“I really believe that a China and Asia-centric business school is the best fit for candidates like me who see the career future in the region,” he says.

To establish that specialised Asia knowledge, the HKU MBA curriculum includes a China Immersion Programme, giving students an understanding of the particulars of the Asian economy, while core courses in the global economy offer broader knowledge.

Students can also broaden their studies by taking electives at a HKU partner institution for one semester: London Business School, Columbia Business School, or Fudan University. It’s this wide-ranging curriculum that can transform graduates’ careers says Ernest (pictured).


Putting skills in practice 

As well as offering an interdisciplinary curriculum, the HKU MBA also offers ample opportunities for students to apply their skills to real-world business problems.

One of the biggest experiential learning projects students work on is the Corporate Partnership Project, which connects MBAs to corporate professionals working in Hong Kong for mentorship and hands-on strategy experience.

Last year, companies involved in the Corporate Partnership Project included AXA Insurance, BCW, Nan Fung Group, Irostors, and CLP.

“They work closely with the [HKU MBA] team so they understand how the business is going in new directions, and that prepares them for the latest developments in industries,” says Ernest.

Students can also visit companies in Hong Kong, which Karolis (pictured below) particularly credits with strengthening his career development by broadening his understanding of markets and industries specifically in Asia, as opposed to Europe.

Career development 

Each MBA cohort at HKU contains between 40 and 50 students, meaning the school can deliver personal career device tailored to each student. During the HKU MBA, students also attend compulsory career workshops, where they can develop skills essential for their future careers.

“During the workshops they will practice their presentation skills, how to build their own brand, and critical thinking and problem solving, team spirit and collaboration skills,” explains Ernest.

However, Lewis emphasises how careers skills aren’t just a part of separate courses: they’re embedded in every module on the MBA.

“Professors or course instructors kept telling us what is the essence behind management, what management really means, what it is like being managers. That empathy part was my key takeaway,” he says.

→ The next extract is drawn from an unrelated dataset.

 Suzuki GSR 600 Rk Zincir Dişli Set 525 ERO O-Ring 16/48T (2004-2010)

The annual MBA careers fair is also an opportunity for students to meet local and international companies; around 60 companies attend the event, as well as 200 recruiting partners.

Working in Hong Kong

Opportunities for MBA graduates in Hong Kong are endless, and HKU graduates are adept at finding those career routes.

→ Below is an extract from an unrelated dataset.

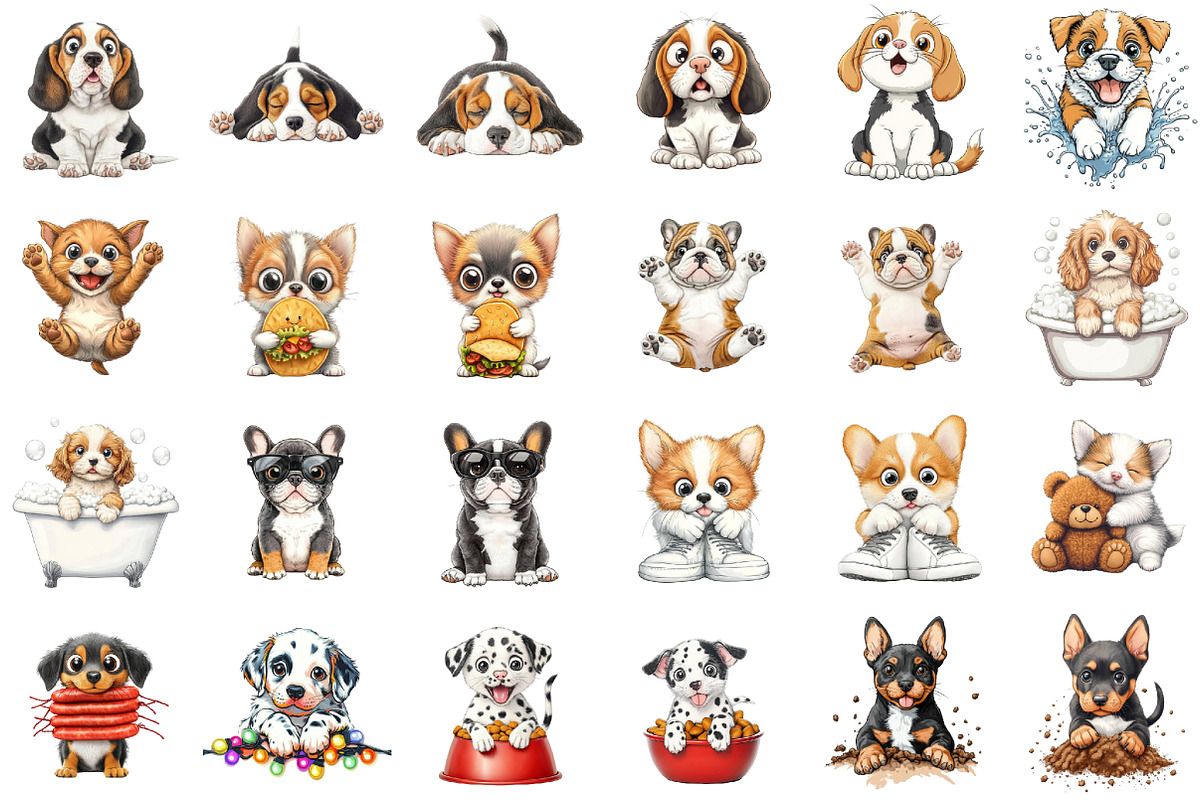 Funny Whimsical Puppy Clipart, a Seasonal Illustration by designcity5 (Photo 2 of 5)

In the career report for the MBA Class of 2022, 90% secured jobs in Asia, with 72% of those students securing jobs in Hong Kong and 16% finding a role in mainland China.

Consulting and finance are the most popular industries for HKU MBA graduates, which makes sense given the wealth of companies in the Hong Kong area. Popular MBA recruiters at HKU include companies like JP Morgan, Boston Consulting Group, and PWC.

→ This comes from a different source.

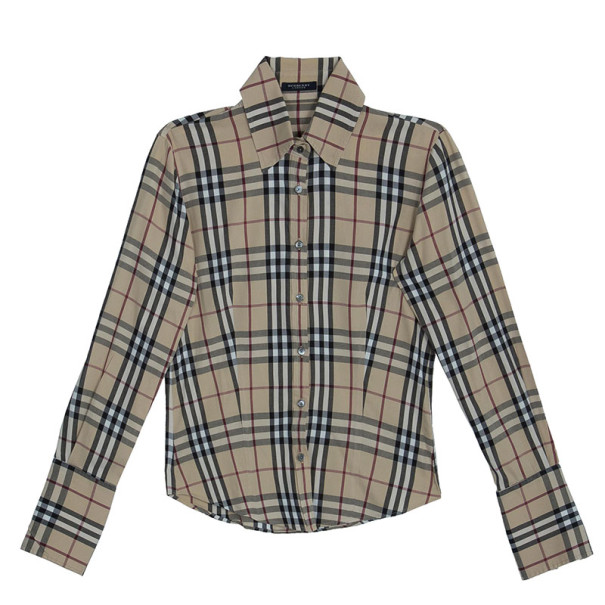 مملوكة مسبقًا Burberry Cotton Check Shirt M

Part of this success, particularly in securing roles in Hong Kong post-MBA, is down to the favourable study visa process in the region. The Immigration Arrangements for Non-local Graduates (IANG) visa allows students to remain in Hong Kong for up to a year after graduating, without requiring a local job offer.

While Karolis took a position in the US, Lewis now works in Hong Kong as an associate director of private banking for HSBC. He says that support from the careers service at HKU was vital.

“I feel really grateful that their careers team provided valuable support throughout my job applications process, as well as getting great advice from my alumni and professional network,” he adds.